Теперь слово «жизнь» приписывается чему-то спорному, не имеющему в себе главных признаков жизни: сознания страданий и наслаждений, стремления к благу.
«La vie est l’ensemble des fonctions, qui résistent à la mort. La vie est l’ensemble des phénomènes, qui se succèdent pendant un temps limité dans un être organisé».
«Жизнь есть двойной процесс разложения и соединения, общего и вместе с тем непрерывного. Жизнь есть известное сочетание разнородных изменений, совершающихся последовательно. Жизнь есть организм в действии. Жизнь есть особенная деятельность органического вещества. Жизнь есть приспособление внутренних отношений к внешним».
Не говоря о неточностях, тавтологиях, которыми наполнены все эти определения, сущность их всех одинакова, именно та, что определяется не то, что все люди одинаково бесспорно разумеют под словом «жизнь», а какие-то процессы, сопутствующие жизни и другим явлениям.
Под большинство этих определений подходит деятельность восстанавливающегося кристалла; под некоторые подходит деятельность брожения, гниения, и под все подходит жизнь каждой отдельной клеточки моего тела, для которых нет ничего — ни хорошего, ни дурного. Некоторые процессы, происходящие в кристаллах, в протоплазме, в ядре протоплазмы, в клеточках моего тела и других тел, называют тем словом, которое во мне неразрывно соединено с сознанием стремления к моему благу.
Рассуждение о некоторых условиях жизни, как о жизни, все равно, что рассуждение о реке, как о мельнице. Рассуждения эти, может быть, для чего-нибудь очень нужны. Но рассуждения эти не касаются того предмета, который они хотят обсуживать. И потому все заключения о жизни, выводимые из таких рассуждений, не могут не быть ложны.

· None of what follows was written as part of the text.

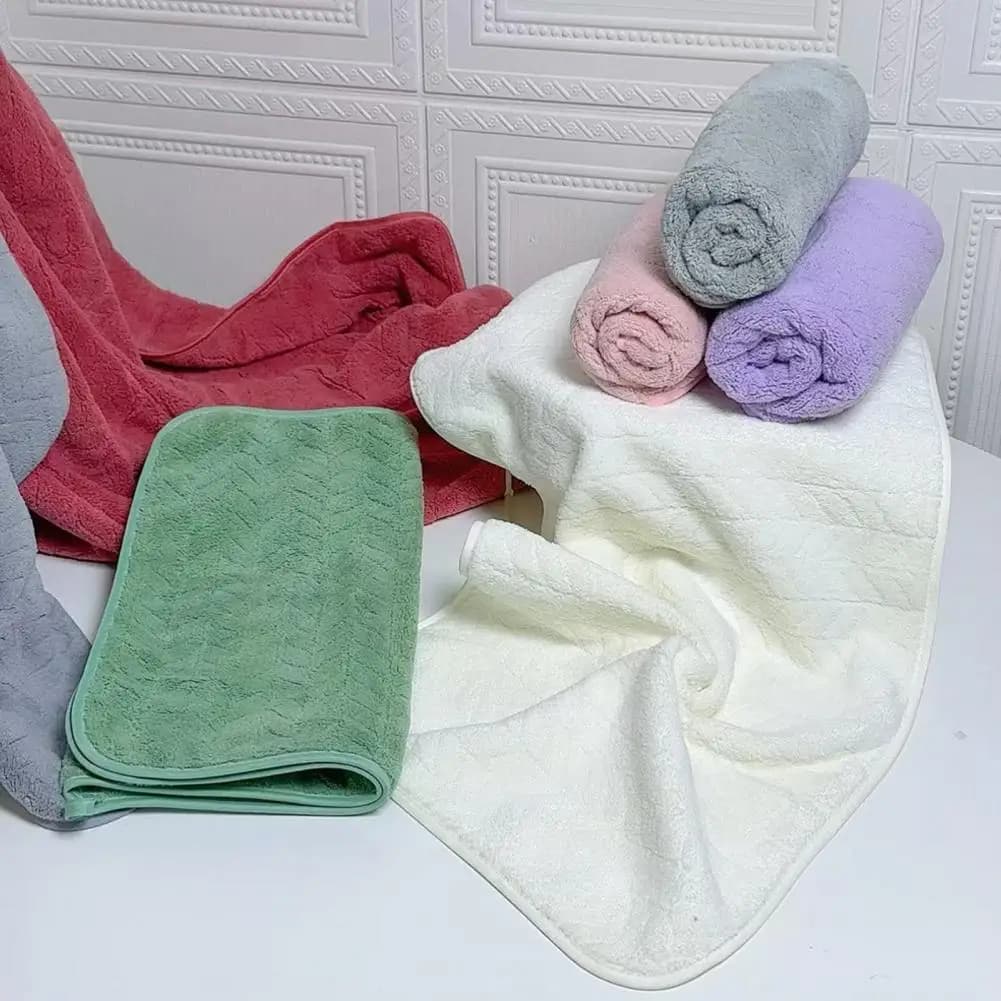 Grande Asciugamano da Bagno Senza Pelucchi, Morbido e Altamente Assorbente, per Pelle Sensibile, Uso in Doccia, Spa, Palestra, Viaggi e Casa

Слово «жизнь» очень коротко и очень ясно, и всякий понимает, что оно значит. Но именно потому, что все понимают, что оно значит, мы и обязаны употреблять его всегда в этом понятном всем значении. Ведь слово это понятно всем не потому, что оно очень точно определено другими словами и понятиями, а, напротив, потому, что слово это означает основное понятие, из которого выводятся многие, если не все другие понятия, и поэтому для того, чтобы делать выводы из этого понятия, мы обязаны прежде всего принимать это понятие в его центральном, бесспорном для всех значении. А это-то самое, мне кажется, и было упущено спорящими сторонами по отношению к понятию жизни. Случилось то, что основное понятие жизни, взятое вначале не в его центральном значении, вследствие споров о нем все более и более удаляясь от основного, всеми признаваемого центрального значения, потеряло наконец свой основной смысл и получило другое, несоответствующее ему значение. Сделалось то, что самый центр, из которого описывали фигуры, оставлен и перенесен в новую точку.